PS3 is whatever Sony choose it to be. It's not designed to
your specification. If in their design for their product, they choose to have 416 MBs for games to run concurrently with 96 MBs for other stuff like PVR and broadcasting movies over the wireless network to PSPs, that's their choice to make. The box itself is a Media Entertainment Hyperplex (TM
), and not 'a games console'. We know that from the way Sony have designed it, talked about it, enabled non-gaming features, are adding more non-gaming features, and so forth. If most people buy it jsut for the games, that's their choice, but that doesn't change the nature of the machine.
Or calling on an analogy, if 95% of people who buy a Honda Civic do so just to sit inside and listen to the CD player, does that make it a HiFi instead of a car? If 95% of people who buy an iPod use it for jamming doors open, does that make the iPod a doorstop instead of a music player?

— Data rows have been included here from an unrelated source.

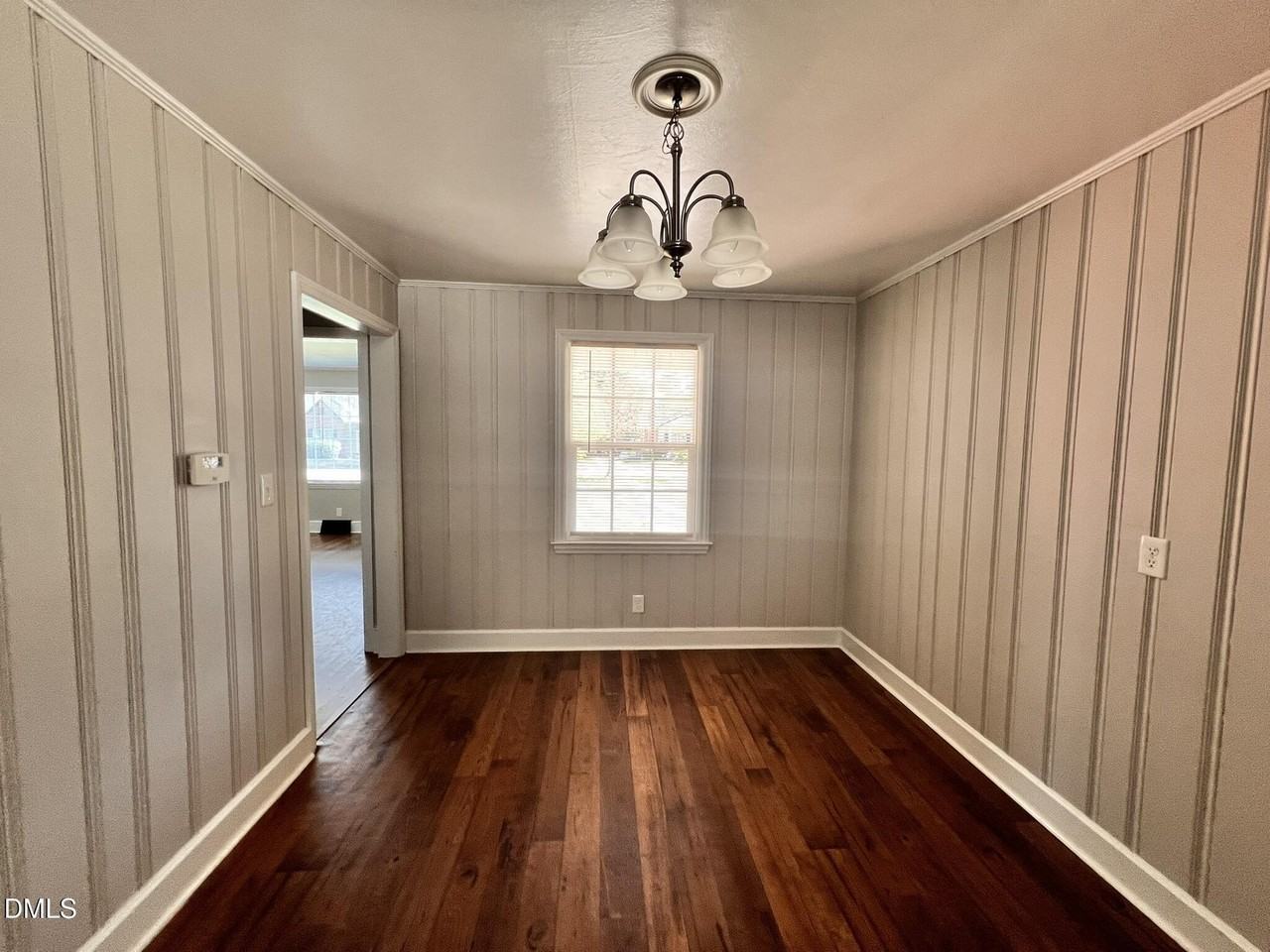 807 N Ellis Ave - Photo 6 of 15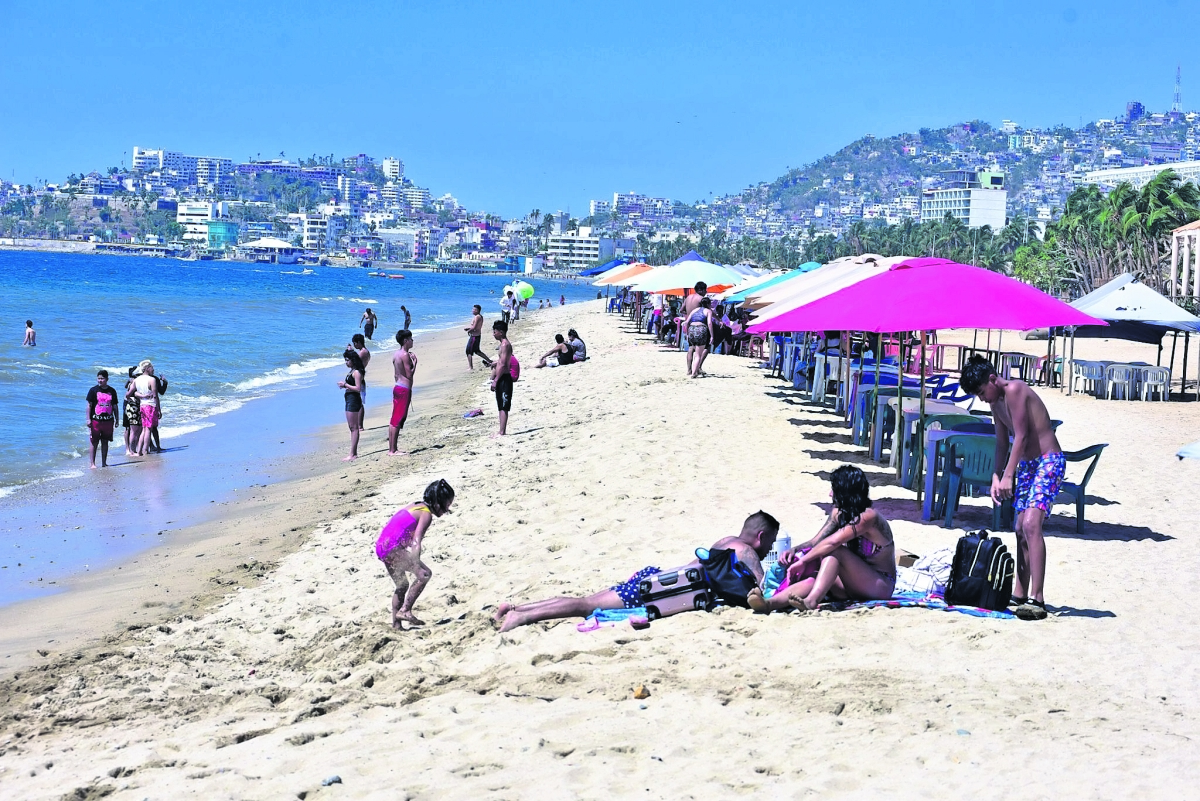 Rescatan a 9 turistas tras ser arrastrados por fuertes corrientes en playas de Sinaloa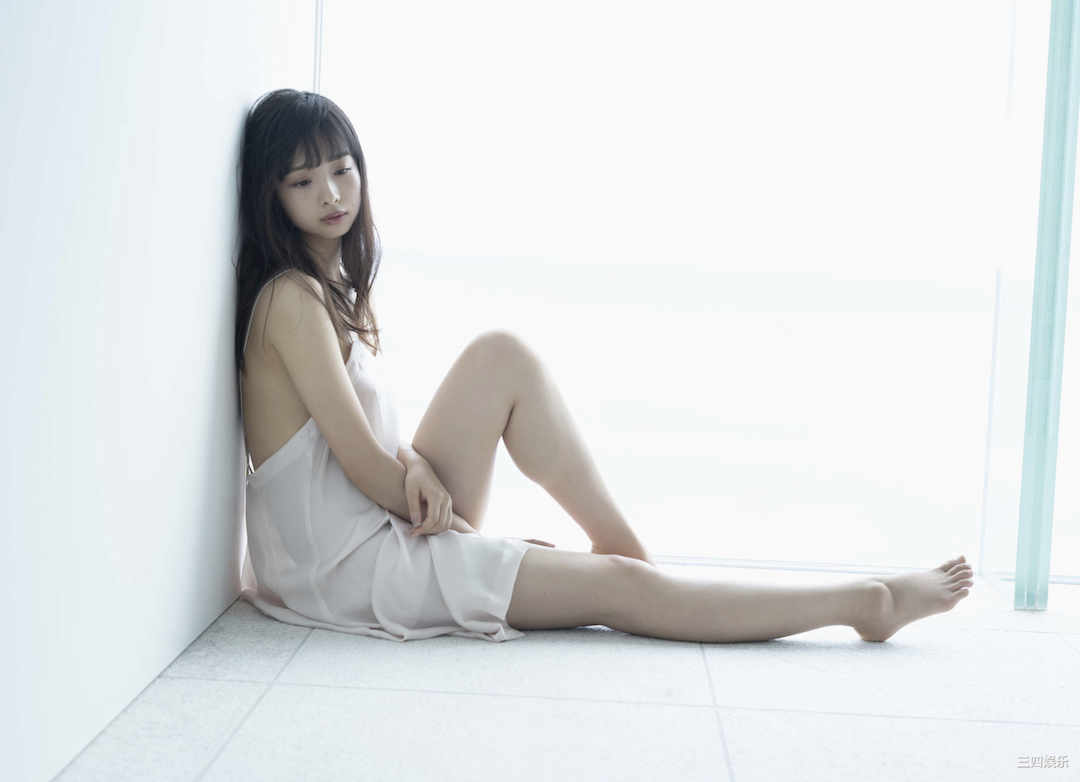 华村飞鸟写真集《ビキニでシャワー》高清全本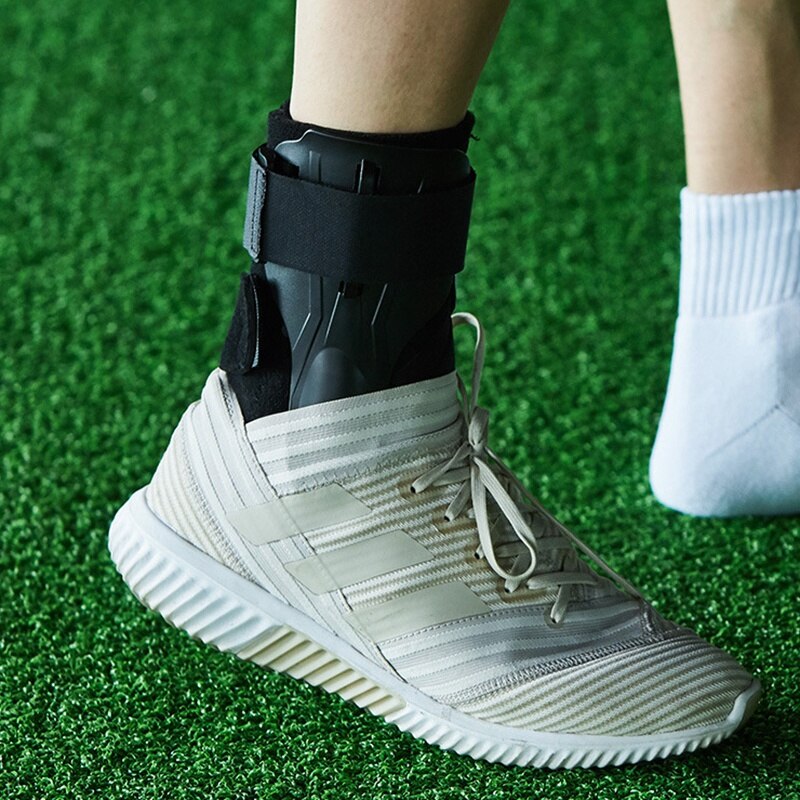 "Supporto ergonomico caviglie uomo/donna, materiale traspirante, design anti-scivolo, ideale per sport e prevenzione infortun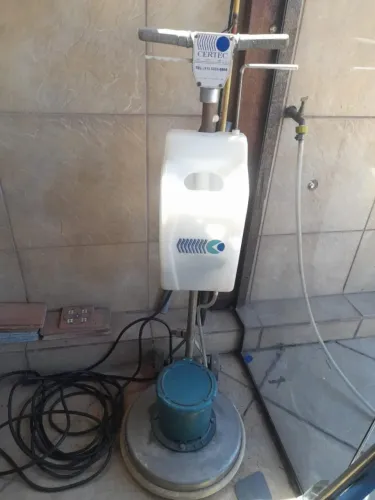 REMOVEDORA DE CERAS E OUTRAS SUJIVIDADES CERTEC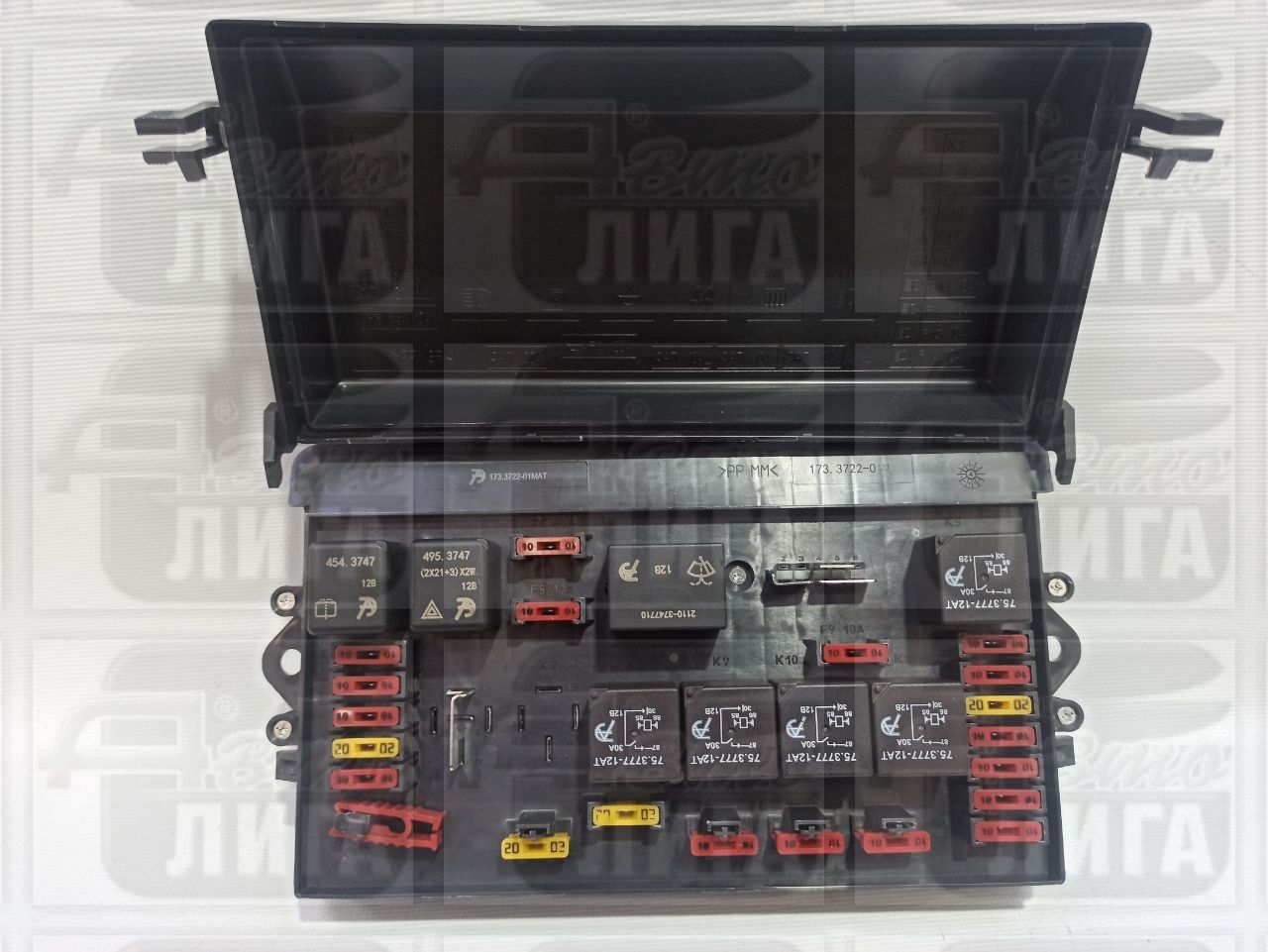 блок предохранителей АТ н/о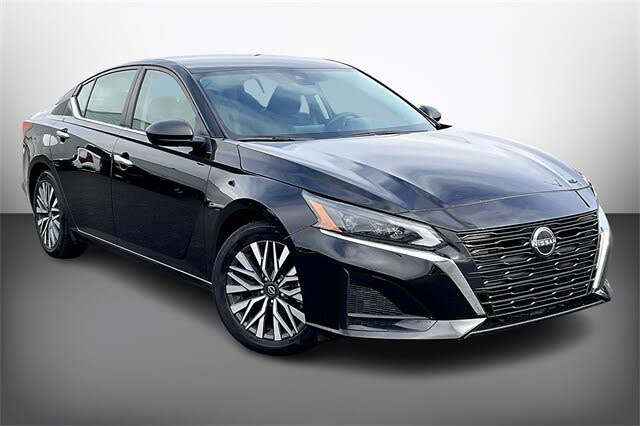 2024 Nissan Altima 2.5 SV FWD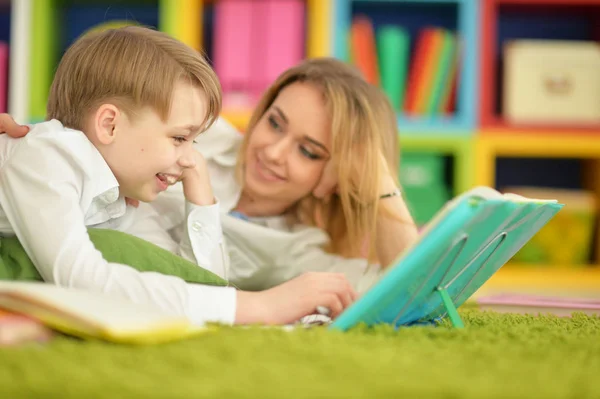 Mutter mit ihrem Sohn bei den Hausaufgaben — Stockfoto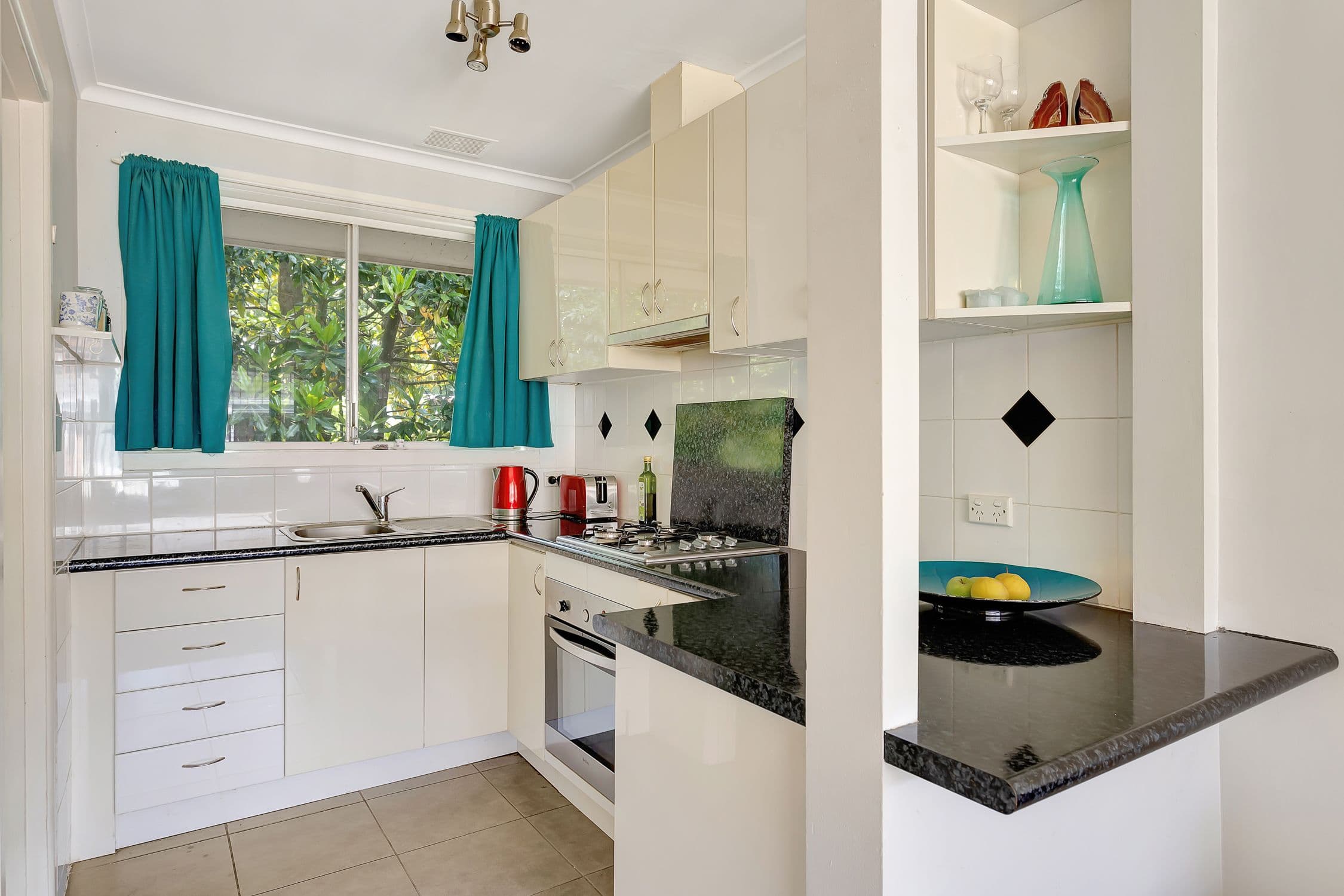 104 Durham Road, Kilsyth VIC 3137, Kilsyth - Thumbnail 2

The people who design the hardware don't choose what people do with it, but they do design it to perform a set function (or functions) which defines what the hardware is. PS3 is designed to do lots of multimedia activities. It is not designed to play games, on which some people shoe-horn in some extra functions.
I'm against 96 MBs being reserved because
it's going to waste. If it was being used for entertainment functions, then that's appropriate. It's not
just about the games (quite the opposite of Nintendo!). If you dont like that idea, don't buy a PS3.